» **WHAT YOU ARE ASKED TO DO**:
Your answer must consist of exactly the lines below, starting with the line with "Y2K Hooters Restaurant" and going on through the line with "Накладка стекла переднего", and nothing else.

Segment Start: THE RECORDS

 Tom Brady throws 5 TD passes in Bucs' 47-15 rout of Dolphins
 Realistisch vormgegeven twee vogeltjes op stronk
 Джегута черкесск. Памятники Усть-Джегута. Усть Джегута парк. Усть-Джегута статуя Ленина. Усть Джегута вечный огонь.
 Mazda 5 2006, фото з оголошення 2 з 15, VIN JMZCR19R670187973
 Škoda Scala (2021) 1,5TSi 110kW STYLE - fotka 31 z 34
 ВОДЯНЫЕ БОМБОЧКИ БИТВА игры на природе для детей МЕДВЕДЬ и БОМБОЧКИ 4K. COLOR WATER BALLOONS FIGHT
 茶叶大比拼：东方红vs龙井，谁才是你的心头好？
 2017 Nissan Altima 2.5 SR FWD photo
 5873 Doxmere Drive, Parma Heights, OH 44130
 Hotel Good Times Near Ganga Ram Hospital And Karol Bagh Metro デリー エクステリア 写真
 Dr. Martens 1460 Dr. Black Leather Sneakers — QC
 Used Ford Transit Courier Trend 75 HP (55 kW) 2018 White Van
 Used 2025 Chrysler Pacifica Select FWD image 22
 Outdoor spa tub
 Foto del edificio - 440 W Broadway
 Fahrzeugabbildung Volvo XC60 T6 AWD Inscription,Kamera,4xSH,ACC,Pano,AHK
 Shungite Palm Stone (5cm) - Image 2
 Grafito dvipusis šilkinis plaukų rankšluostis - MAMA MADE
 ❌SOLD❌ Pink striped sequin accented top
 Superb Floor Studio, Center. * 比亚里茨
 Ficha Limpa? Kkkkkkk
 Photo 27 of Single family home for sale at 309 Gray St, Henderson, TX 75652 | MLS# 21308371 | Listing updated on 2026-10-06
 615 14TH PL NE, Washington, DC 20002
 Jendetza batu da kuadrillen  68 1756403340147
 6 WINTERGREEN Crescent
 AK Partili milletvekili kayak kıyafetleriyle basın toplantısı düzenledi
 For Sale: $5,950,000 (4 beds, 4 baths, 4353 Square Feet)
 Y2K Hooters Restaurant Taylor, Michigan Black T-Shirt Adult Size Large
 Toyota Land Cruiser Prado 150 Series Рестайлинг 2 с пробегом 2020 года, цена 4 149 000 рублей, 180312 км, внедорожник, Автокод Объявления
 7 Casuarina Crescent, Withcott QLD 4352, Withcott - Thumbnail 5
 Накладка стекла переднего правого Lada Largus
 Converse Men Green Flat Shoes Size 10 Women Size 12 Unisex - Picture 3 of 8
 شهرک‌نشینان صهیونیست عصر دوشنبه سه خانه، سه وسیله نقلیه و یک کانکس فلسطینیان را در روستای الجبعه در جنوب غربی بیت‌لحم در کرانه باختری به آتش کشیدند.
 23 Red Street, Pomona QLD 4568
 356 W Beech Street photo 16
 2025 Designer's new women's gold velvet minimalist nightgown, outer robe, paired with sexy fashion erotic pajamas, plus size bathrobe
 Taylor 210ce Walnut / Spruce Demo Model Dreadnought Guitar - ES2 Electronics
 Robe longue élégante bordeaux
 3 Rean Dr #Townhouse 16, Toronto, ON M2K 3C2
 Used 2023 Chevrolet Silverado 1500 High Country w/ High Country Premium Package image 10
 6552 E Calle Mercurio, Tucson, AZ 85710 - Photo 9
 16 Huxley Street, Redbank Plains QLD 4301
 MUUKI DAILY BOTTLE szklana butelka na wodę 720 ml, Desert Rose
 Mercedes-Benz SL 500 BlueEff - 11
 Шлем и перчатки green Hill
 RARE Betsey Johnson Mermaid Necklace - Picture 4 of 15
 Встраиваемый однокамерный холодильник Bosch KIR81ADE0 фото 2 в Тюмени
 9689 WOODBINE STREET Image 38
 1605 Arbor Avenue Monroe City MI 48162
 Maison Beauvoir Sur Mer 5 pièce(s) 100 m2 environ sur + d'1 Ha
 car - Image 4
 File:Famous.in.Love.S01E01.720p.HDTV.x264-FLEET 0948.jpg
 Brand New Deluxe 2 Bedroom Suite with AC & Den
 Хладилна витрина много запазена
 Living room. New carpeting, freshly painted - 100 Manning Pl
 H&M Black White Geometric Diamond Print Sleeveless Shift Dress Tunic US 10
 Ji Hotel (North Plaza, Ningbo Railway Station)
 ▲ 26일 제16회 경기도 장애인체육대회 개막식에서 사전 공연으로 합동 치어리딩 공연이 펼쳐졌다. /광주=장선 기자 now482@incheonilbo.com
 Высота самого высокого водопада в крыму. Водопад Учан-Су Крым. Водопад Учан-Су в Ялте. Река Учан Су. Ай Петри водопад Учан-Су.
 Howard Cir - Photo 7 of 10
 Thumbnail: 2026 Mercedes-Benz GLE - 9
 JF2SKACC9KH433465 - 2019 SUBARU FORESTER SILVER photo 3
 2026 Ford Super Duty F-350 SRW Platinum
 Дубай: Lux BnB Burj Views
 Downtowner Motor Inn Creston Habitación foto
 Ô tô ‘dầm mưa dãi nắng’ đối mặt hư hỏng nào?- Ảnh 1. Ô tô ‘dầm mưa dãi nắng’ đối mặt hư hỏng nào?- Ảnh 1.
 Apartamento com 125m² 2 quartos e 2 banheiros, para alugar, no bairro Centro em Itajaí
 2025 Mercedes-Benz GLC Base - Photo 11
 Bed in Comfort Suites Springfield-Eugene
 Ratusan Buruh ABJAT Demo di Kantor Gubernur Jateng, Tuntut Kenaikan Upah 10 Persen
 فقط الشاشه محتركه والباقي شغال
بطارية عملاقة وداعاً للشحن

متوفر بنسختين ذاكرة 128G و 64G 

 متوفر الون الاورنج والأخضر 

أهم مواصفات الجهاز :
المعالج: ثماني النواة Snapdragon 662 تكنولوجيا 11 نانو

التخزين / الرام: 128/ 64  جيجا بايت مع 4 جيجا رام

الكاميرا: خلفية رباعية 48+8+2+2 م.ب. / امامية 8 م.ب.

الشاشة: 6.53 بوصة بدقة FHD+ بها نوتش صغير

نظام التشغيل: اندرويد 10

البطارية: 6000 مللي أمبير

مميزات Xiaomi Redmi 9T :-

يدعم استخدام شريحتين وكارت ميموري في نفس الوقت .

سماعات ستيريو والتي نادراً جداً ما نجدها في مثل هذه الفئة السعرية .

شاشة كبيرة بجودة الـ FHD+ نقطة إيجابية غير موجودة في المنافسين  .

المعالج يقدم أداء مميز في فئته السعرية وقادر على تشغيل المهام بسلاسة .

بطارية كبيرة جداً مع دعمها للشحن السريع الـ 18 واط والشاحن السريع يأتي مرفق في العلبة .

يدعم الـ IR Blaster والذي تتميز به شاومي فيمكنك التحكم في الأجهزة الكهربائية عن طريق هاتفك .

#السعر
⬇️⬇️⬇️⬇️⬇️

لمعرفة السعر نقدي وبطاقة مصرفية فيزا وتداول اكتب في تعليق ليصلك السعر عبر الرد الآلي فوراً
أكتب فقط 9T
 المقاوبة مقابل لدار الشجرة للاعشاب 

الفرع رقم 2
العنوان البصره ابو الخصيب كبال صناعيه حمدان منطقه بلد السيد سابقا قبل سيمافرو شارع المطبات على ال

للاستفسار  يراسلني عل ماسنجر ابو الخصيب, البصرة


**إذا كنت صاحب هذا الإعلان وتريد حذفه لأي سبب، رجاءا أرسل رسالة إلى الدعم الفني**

Segment End: THE RECORDS

» **THE COMPLETED TASK**:
 Y2K Hooters Restaurant Taylor, Michigan Black T-Shirt Adult Size Large
 Toyota Land Cruiser Prado 150 Series Рестайлинг 2 с пробегом 2020 года, цена 4 149 000 рублей, 180312 км, внедорожник, Автокод Объявления
 7 Casuarina Crescent, Withcott QLD 4352, Withcott - Thumbnail 5
 Накладка стекла переднего правого Lada Largus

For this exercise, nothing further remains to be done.